The same Kentucky judge who signed off on the Breonna Taylor warrant, leading to the shooting death of the innocent woman at the hands of Louisville police, signed off on another warrant without probable cause that could have led to the shooting deaths of more innocent people.
Instead, the man, woman and child they raided and handcuffed – who were doing nothing but painting the home for new tenants – will receive a $180,000 settlement, according to WDRB.
In fact, the man police were hoping to find at the home that day, despite scant evidence that he even lived there, had already been arrested on drug charges at the time of the raid.
However, according to two scathing reports, including from the United States Department of Justice, that type of incompetency and lack of oversight are more the rule than the exception at the Louisville Metro Police Department.
“We have reasonable cause to believe that LMPD engages in a pattern or practice of seeking search warrants in ways that deprive individuals of their rights under the Fourth Amendment,” according to the U.S. Department of Justice report issued on March 8, 2023.
“A significant number of LMPD’s search warrant applications fail to satisfy the constitutional requirement of being supported by ‘probable cause.’”
The second report, titled the Heintze Report, described a “culture of acceptance” at the department from judges and supervisors in approving no-knock search warrants.
The no-knock raid in question took place on July 15, 2019, eight months before the no-knock raid on Taylor’s home that led to her shooting death.
Circuit Court Judge Mary Shaw signed off on both warrants and probably many more during her 18-year career as a judge, which ended in January 2023 after she lost her re-election the previous November.
The Warrant
Louisville Metro police officer Wesley Troutman had spent five months investigating an alleged drug dealer named Joshua Kirk when he asked Judge Shaw to sign the warrant, according to court records.

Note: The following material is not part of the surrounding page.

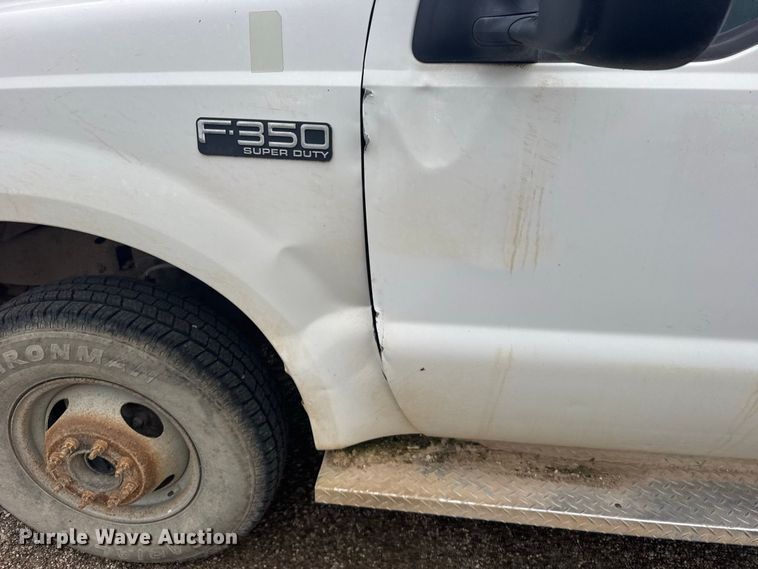 image for item DY3227 1999 Ford F350 flatbed pickup truck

Troutman listed 13 controlled purchases of drugs to support the warrant, including two occasions at the house they ended up raiding, even though there is only one instance of him even entering the home for a few minutes.
The lawsuit states that police raided the same home on July 5, 2019, 10 days before the raid in question, which led to all the occupants in the house moving out.
Days later, Roy Stucker was hired to paint the home along with his girlfriend, Courtney Brown-Porter, and her 10-year-old daughter.
In the early hours of July 15, 2019, when police were planning on serving the search warrant, Troutman arrested Kirk at another location and took him to jail. But rather than try to call the raid off, he simply did not participate in it.
The Raid
At least 10 police officers arrived at the house in two armored vehicles and at least one ATV and approached the house and yelled “Police with a warrant” seconds before they started shattering windows.
“Please this is a job, we don’t live here,” Brown-Porter pleaded with them.
“You’re really going to put handcuffs on my daughter?”
The cops separated all three individuals as they searched the home, finding nothing illegal. The three remained handcuffed for 20 minutes.
The couple filed a lawsuit, which was dismissed at the district level on the basis that the cops had enough probable cause to conduct the raid. However, an appellate court overturned the dismissal after realizing the degree of search warrants being handed out with little probable cause.
“They (police) treated us horrible, I mean, worse than if we was what he was looking for, talking bad about us, cussed her out for getting upset,” Stucker told WDRB.